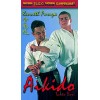 DVD : Aikido. Tanto Dori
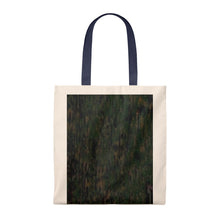 Load image into Gallery viewer, Tote Bag - Vintage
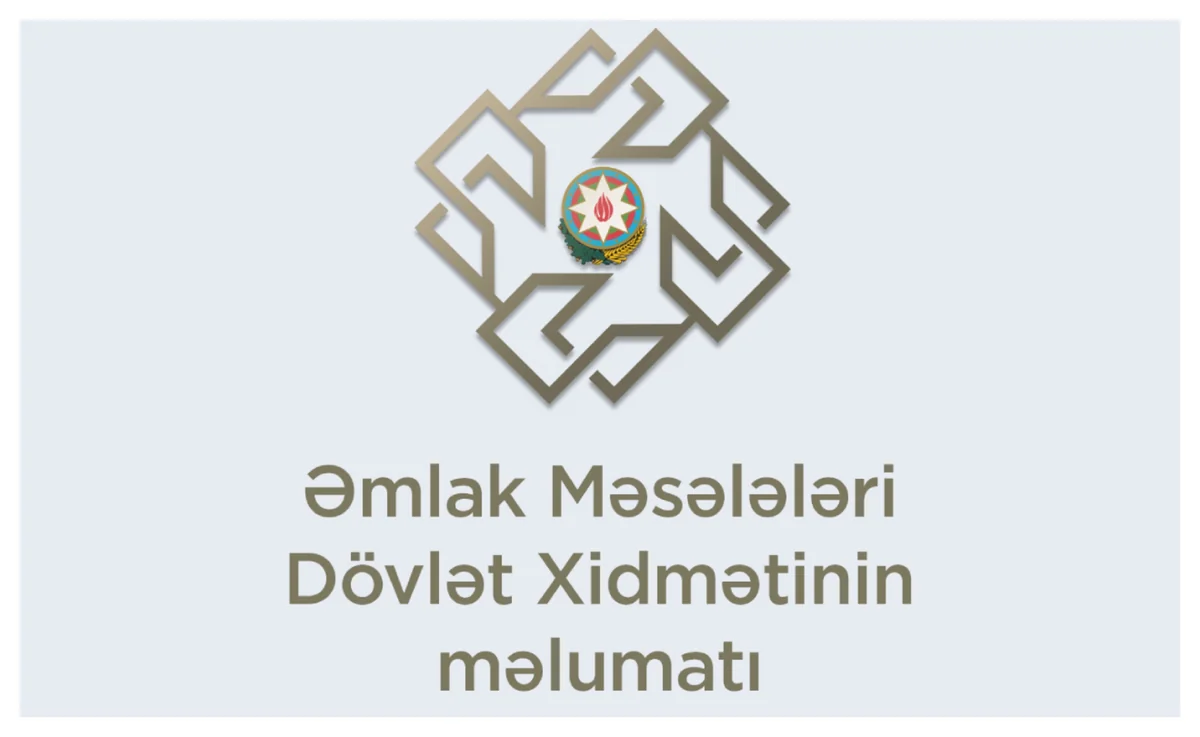 Qarabağ üzrə məlumatlar tanınmış naviqasiya saytlarına inteqrasiya olunur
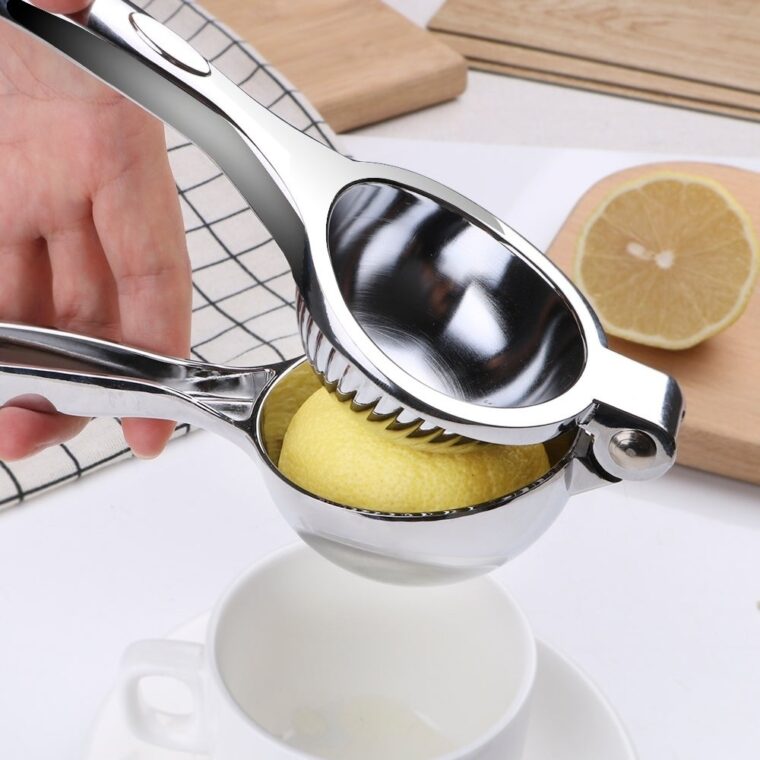 6 Proven Tools That Will Improve Your Life In the Kitchen - 2024 Guide 1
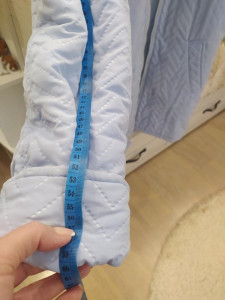 IMG_20241027_162809.jpg [ время: 27.10.2024 17:20, размер: 379.75 Кб | Просмотров: 2940 ]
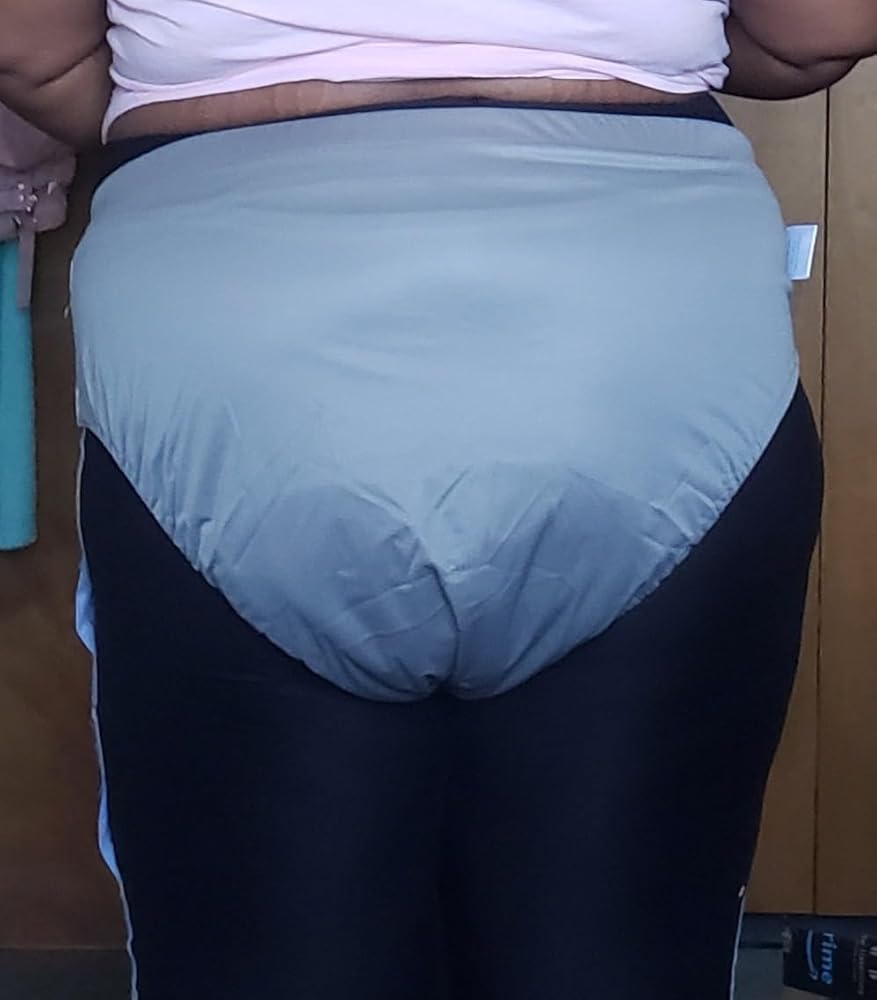 1168940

---+---

Pictures are to be left out; the records above must be repeated word for word.

■ **Result for this task**
 DVD : Aikido. Tanto Dori
 Load image into Gallery viewer, Tote Bag - Vintage
 Qarabağ üzrə məlumatlar tanınmış naviqasiya saytlarına inteqrasiya olunur
 6 Proven Tools That Will Improve Your Life In the Kitchen - 2024 Guide 1
 IMG_20241027_162809.jpg [ время: 27.10.2024 17:20, размер: 379.75 Кб | Просмотров: 2940 ]
 1168940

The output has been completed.